Available data>
════════════════
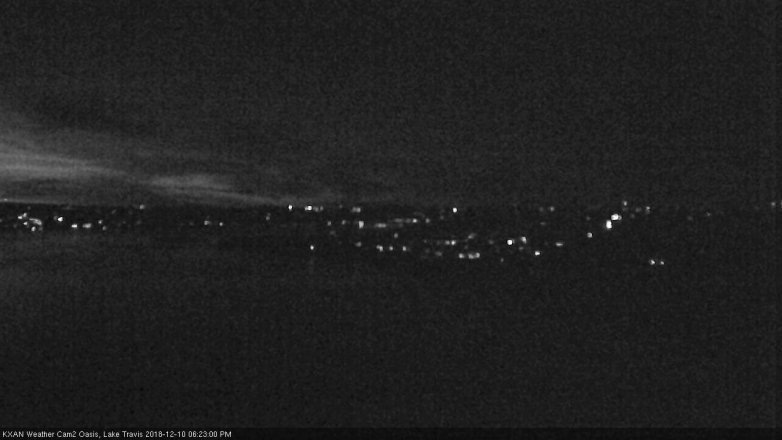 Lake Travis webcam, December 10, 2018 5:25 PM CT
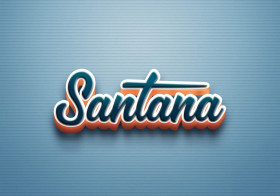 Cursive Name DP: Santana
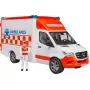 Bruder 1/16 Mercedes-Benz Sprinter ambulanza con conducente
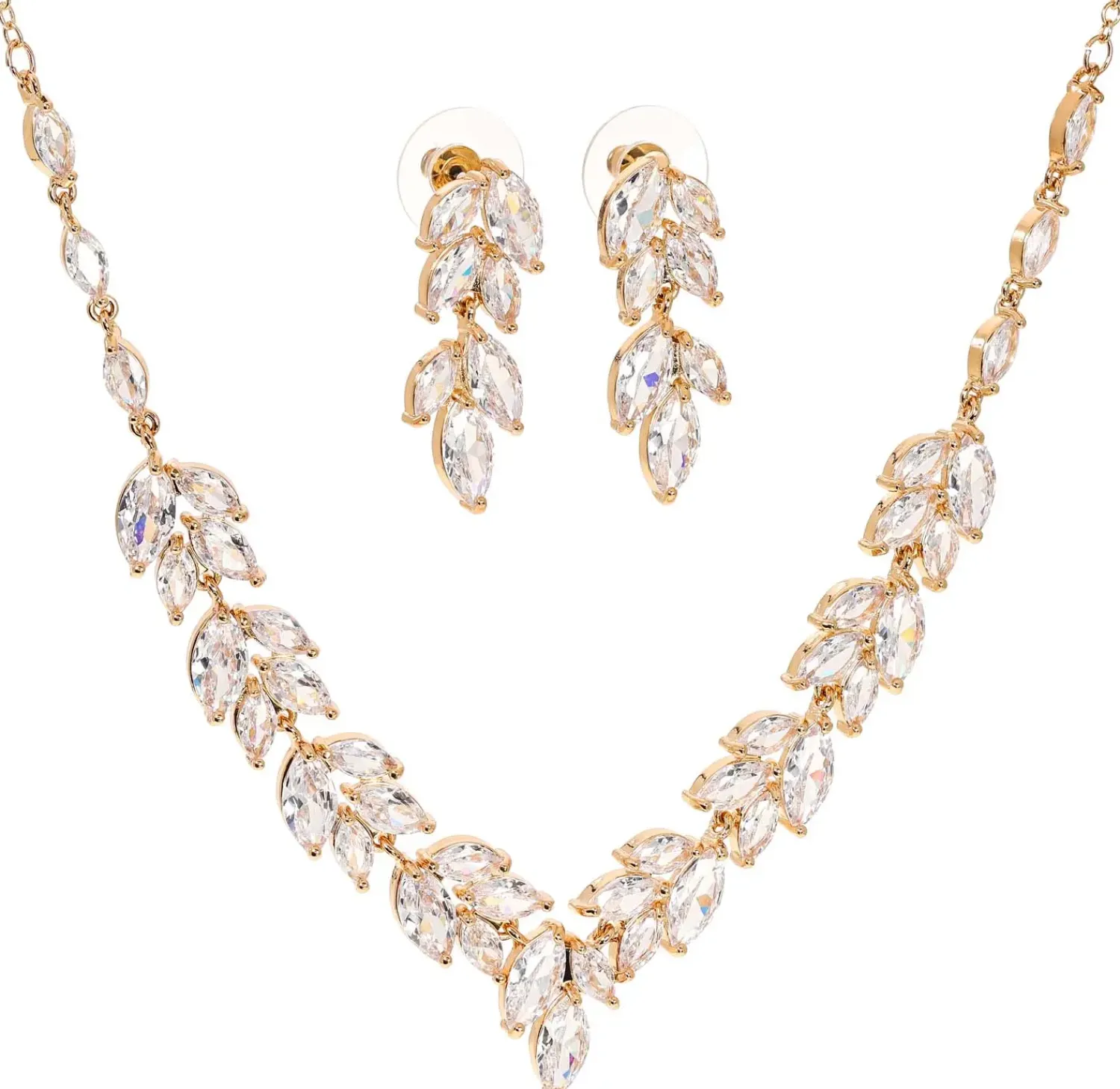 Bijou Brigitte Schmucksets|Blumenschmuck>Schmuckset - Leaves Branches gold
════════════════
Exercise brief>
Nothing but the lines from the one containing "Cursive Name DP: Santana" through the last line of the data should appear in the answer, copied exactly, with pictures excluded.

Exercise result>
 Cursive Name DP: Santana
 Bruder 1/16 Mercedes-Benz Sprinter ambulanza con conducente
 Bijou Brigitte Schmucksets|Blumenschmuck>Schmuckset - Leaves Branches gold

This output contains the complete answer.